Country Garden was downgraded to Ba3 from Ba2 by Moody’s. The developer’s liquidity buffer is set to reduce further as it has to use its internal resources to repay maturing debts in the next 1-1.5 years where it has ~RMB 43bn ($6.1bn) in onshore and offshore bonds. COGARD’s high exposure to lower-tier cities could lead to weaker sales and shrink profit margins. COGARD’s EBIT/interest coverage is expected to decrease to 2.5-2.8x over the next 1-2 years from 3.7x ending June 2022. Meanwhile, debt/EBITDA is expected to rise to 6.5-7.0x from 5.0x. Moody’s notes that the developer raising RMB 1.5bn ($mn) via state-backed bonds will provide additional liquidity to it. The developer was downgraded by S&P and Fitch to B+ and BB- and subsequently saw its ratings get withdrawn in the last few weeks.

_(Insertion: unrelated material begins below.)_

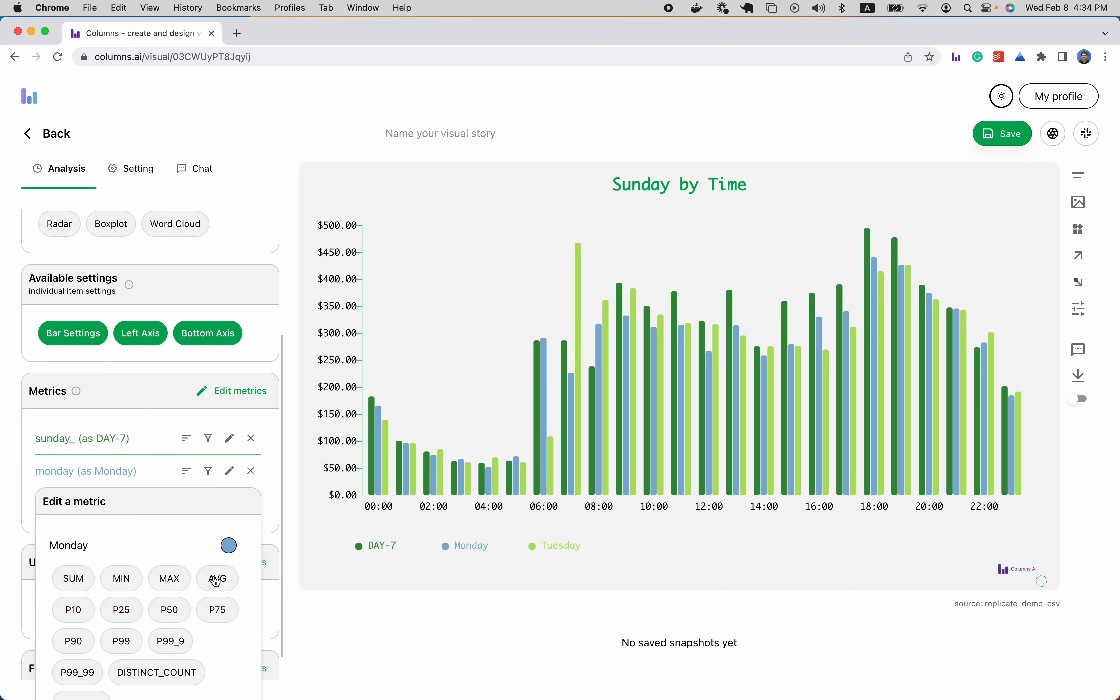Similarly, I can modify every single metric in my own way.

COGARD’s dollar bonds were up over 6-8 points to trade at ~20 cents on the dollar after the 16-point plan by China was revealed to support property developers. 

Central China Real Estate (CCRE) missed paying the coupon on its $200mn 7.9% 2023s which was due on November 7. The developer however said that it plans to make the payment within the 30-day grace period, as per Fitch. CCRE’s dollar bonds were trading flat at 7-10 cents on the dollar.